Short text fragments from websites:

>>

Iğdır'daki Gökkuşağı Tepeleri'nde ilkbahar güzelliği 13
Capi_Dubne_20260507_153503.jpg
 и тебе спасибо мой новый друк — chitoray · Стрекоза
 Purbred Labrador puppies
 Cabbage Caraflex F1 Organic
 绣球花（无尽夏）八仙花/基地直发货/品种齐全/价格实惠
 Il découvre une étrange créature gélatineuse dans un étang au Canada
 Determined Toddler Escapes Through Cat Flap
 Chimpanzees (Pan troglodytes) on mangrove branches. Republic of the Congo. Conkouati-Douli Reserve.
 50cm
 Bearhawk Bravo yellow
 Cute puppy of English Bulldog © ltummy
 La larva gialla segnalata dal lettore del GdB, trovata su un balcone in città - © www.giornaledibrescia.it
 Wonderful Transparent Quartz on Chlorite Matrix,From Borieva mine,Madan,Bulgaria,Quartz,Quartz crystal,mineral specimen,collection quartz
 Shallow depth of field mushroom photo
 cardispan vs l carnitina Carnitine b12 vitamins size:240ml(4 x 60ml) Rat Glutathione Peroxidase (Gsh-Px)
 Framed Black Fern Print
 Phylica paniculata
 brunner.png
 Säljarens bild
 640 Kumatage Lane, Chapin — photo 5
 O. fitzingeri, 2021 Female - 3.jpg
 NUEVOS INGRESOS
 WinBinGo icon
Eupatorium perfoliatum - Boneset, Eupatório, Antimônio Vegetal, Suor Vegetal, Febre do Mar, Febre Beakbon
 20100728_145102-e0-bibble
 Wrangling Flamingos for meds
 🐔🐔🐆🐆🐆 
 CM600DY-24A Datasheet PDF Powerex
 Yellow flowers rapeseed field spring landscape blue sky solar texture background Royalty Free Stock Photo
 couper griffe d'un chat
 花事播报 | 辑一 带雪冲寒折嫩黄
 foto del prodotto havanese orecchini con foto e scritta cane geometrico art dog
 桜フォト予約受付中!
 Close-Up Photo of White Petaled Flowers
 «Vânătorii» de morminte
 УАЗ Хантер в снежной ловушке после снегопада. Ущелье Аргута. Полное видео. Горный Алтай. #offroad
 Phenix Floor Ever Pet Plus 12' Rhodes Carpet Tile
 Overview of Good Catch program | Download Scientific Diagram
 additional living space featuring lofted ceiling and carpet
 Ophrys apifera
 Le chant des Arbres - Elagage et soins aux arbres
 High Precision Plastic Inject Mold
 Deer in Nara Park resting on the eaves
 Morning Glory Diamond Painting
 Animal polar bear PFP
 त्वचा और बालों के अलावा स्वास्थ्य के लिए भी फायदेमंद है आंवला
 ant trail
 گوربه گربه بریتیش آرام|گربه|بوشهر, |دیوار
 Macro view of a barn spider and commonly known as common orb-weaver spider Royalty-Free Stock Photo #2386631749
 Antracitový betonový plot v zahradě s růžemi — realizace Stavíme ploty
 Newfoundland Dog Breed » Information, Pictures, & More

<<

- _Problem to work on_
Begin at the top of the records above and quote each line exactly, ending with the line that contains "Il découvre une".

- _Output of the task_
Iğdır'daki Gökkuşağı Tepeleri'nde ilkbahar güzelliği 13
Capi_Dubne_20260507_153503.jpg
 и тебе спасибо мой новый друк — chitoray · Стрекоза
 Purbred Labrador puppies
 Cabbage Caraflex F1 Organic
 绣球花（无尽夏）八仙花/基地直发货/品种齐全/价格实惠
 Il découvre une étrange créature gélatineuse dans un étang au Canada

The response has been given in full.